What are we going to get? More welfare for lawyers. They want to change the US system from "first to invent" to "first to file a patent". This is good for lawyers, 'cause it requires every inventor to file an expensive patent as early as possible. Right now you don't have to file until the idea shapes up to the point that it has some economic possibilities. Under "first-to-file" you better file as soon as possible, lest the idea leak out and some troll files first. Result, lots and lots of patent applications. Plus, large companies with legal staff have it easier filing a patent than a small startup does.

2 comments:

DCE said...

Holding a few patents myself, I can say I am not pleased with some of the changes being proposed.

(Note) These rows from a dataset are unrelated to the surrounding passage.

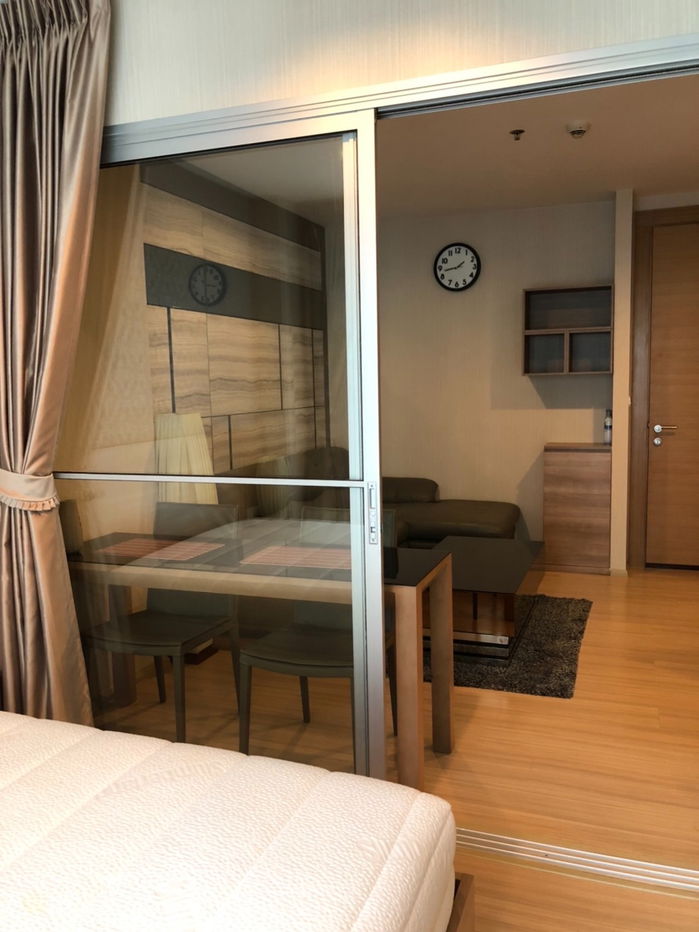 รูป Available for rent! Rhythm Huaikhwang 1 Bedroom with 36sqm. Fully furnished, Ready to move in - รูปที่ 6/11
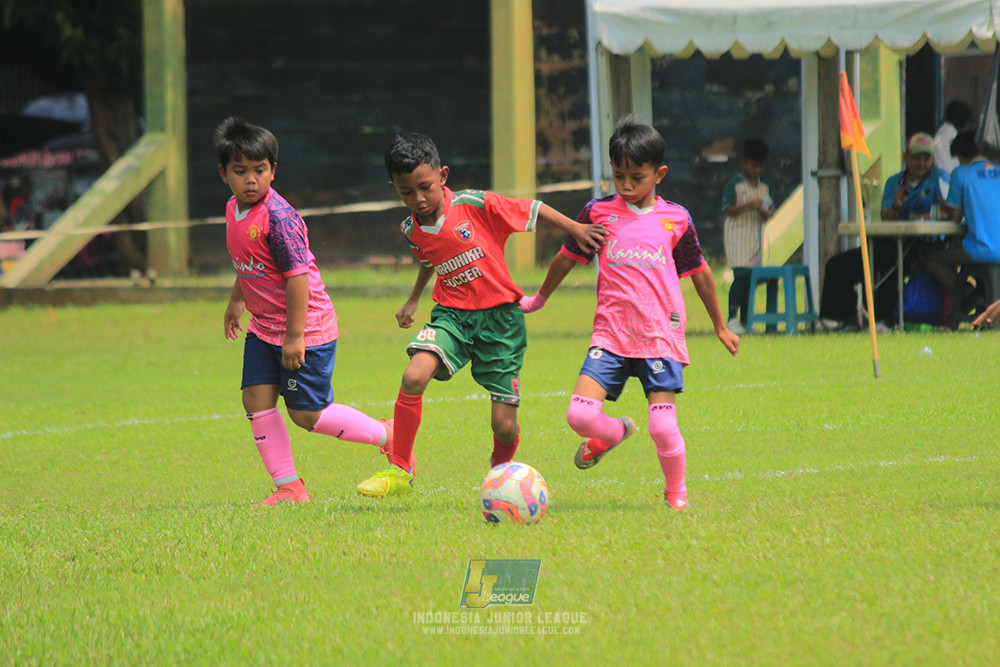 ijl u9 190426 cileungsi united vs wiradhika soccer
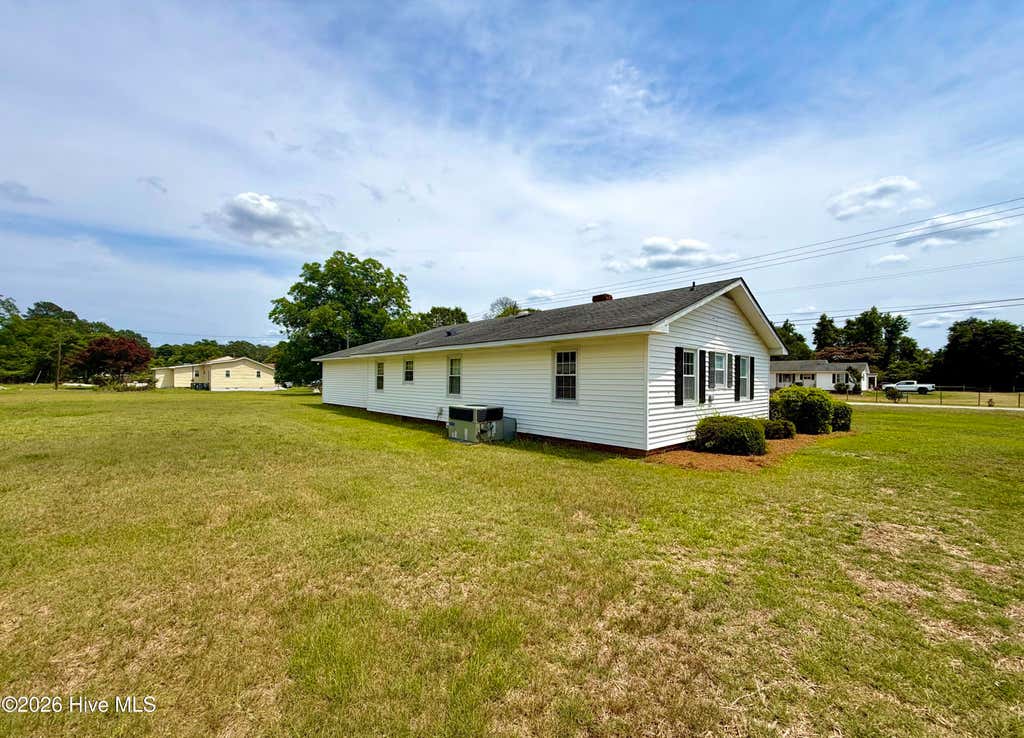 Photo of 606 Darden Drive, Kinston, NC 28504 (MLS # 100585343)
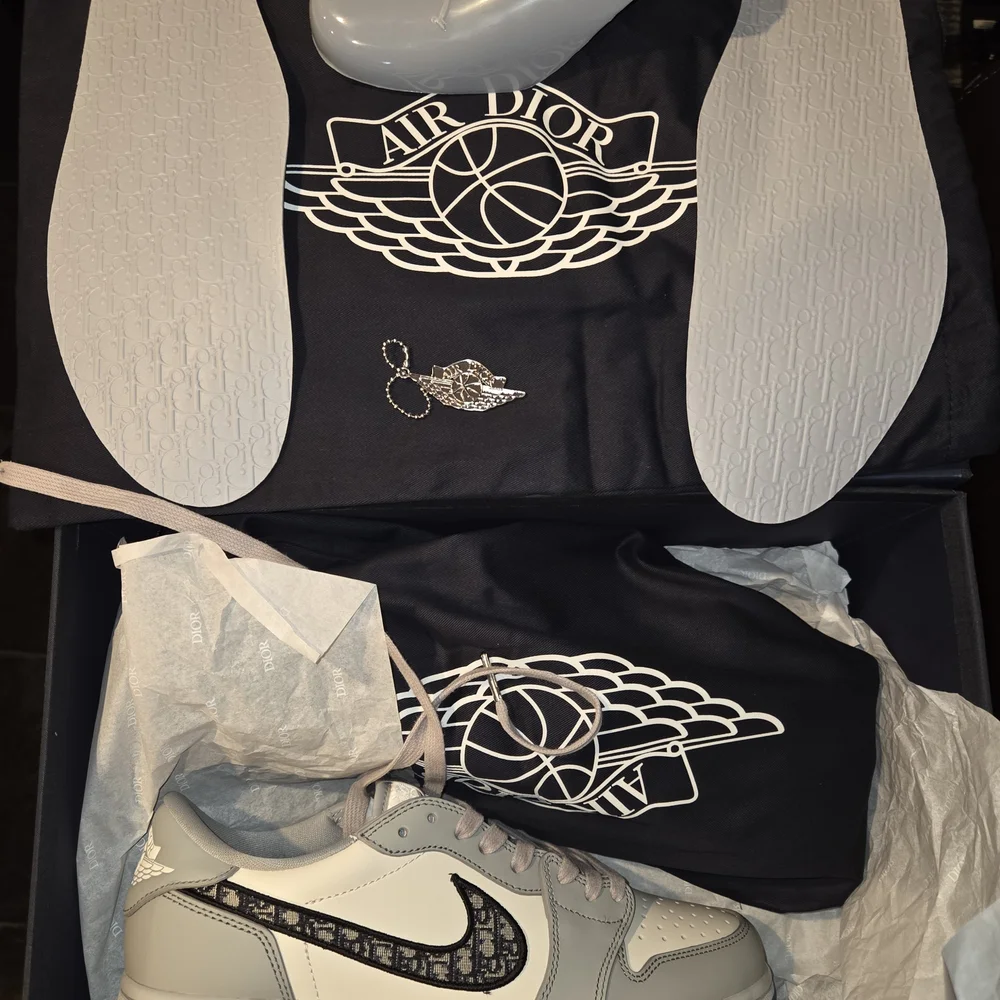 Jordan 1 Retro Low Dior Sneakers - Picture 2 of 7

I've had to deal with patent infringement suits that turned out to be nuisance suits designed to try to keep us from selling a popular instrument. (Turns out the patent was invalid because it tried to patent a BellCore specification going back to 1989.)

One present provisional patent of mine has been challenged by a competitor, but it turns out their patent was based upon an instrument of ours that had been on the market for 4 years before they even filed their provisional.

Even though we hold our invention ideas 'close to the chest' we have to be very careful when we discuss the idea to make sure a customer or competitor doesn't try to claim it as theirs. (We had that problem with one of our customers, who shall remain nameless, who tried to patent one of our ideas. They even went so far to use our documentation in their patent application. We had filed our provisional about 3 weeks after they did, but they sued us claiming we had stolen it from them. But we had all the documentation, including our notebooks and the original digital files of the invention design. All they had were hardcopies of our files.) Needless to say the PTO found in our favor. Under the proposed laws we would have lost that battle even though we could prove they had stolen the idea (and the documentation) from us.

This is supposed to help us?

Dstarr said...

At Analog Devices, we got sued on a good number of the new parts we put out. In each case, the Analog legal department was able to look at the other guys parts and find one that infringed a patent that Analog held. Kept the lawyers busy, but it didn't do anything to protect the rights of the developers.